Lowe's is undergoing companywide renovations aimed at fixing its struggling bottom line. The home improvement retailer is downsizing in an attempt to increase profitability and efficiency. The lesson for small-business owners is that expanding too quickly can be a bad idea in the long run.
"Lowe's most definitely overbuilt to try to compete," said Stefania Pinton, partner at Dionco Inc., a retail consulting firm. "Sure enough, when the market shrank they ran into a problem. Ultimately, they were not making their numbers, so they really don't have a choice [now]."
Those problems led Lowe's to make changes that, according to a Reuters report, include the closing of 20 stores within the next month and the elimination of nearly 2,000 jobs. Lowe's, which operates 1,700 stores in the United States, is also cutting back on new store openings in 2012, lowering the number from 30 to between 10 and 15.
Pinton believes that by focusing on customer needs and not on expansion and growth, businesses can avoid suffering a fate similar to that of Lowe's.
"You have to be very focused," Pinton said. "A lot of small businesses think big is better, but that is not necessarily the case.
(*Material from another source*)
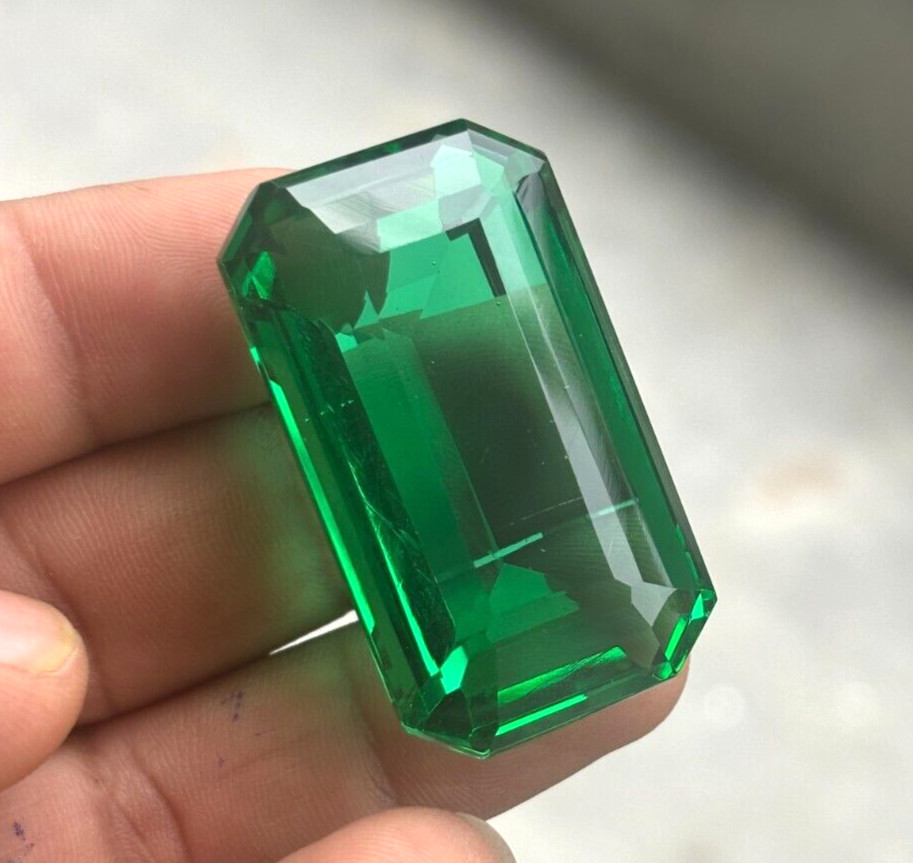 Natural Colombian 155 Cts Rich Green Emerald Shape Loose Certified Gemstone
There are a lot of independent retailers that are extremely successful even when times are not as good because they decided they wanted to be focused on their customers instead of opening another store."
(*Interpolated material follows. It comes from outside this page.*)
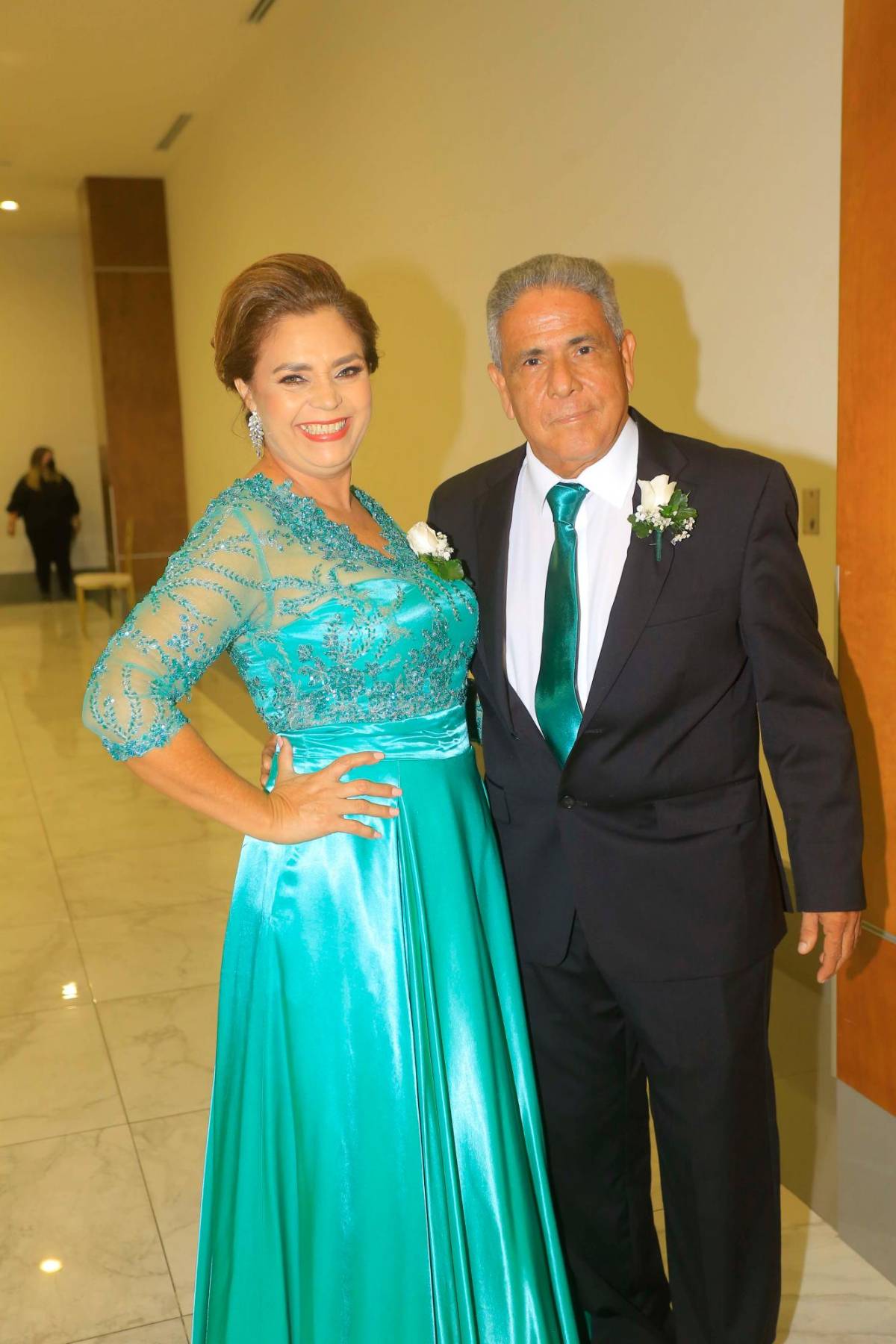 Algarabía por la inolvidable unión nupcial Pineda-López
At the end of the day, it is customers that keep small businesses going, she said. Pinton believes that remembering them and their needs is the best plan for success.
"You have to be very careful about opening new stores, carrying too much inventory and growth," Pinton said. "Ultimately, the end result in any small business is to cater to their customers and stay focused on their needs. It is very important that they pay attention to what the consumer really wants because they are not shopping as much as they used to in the past."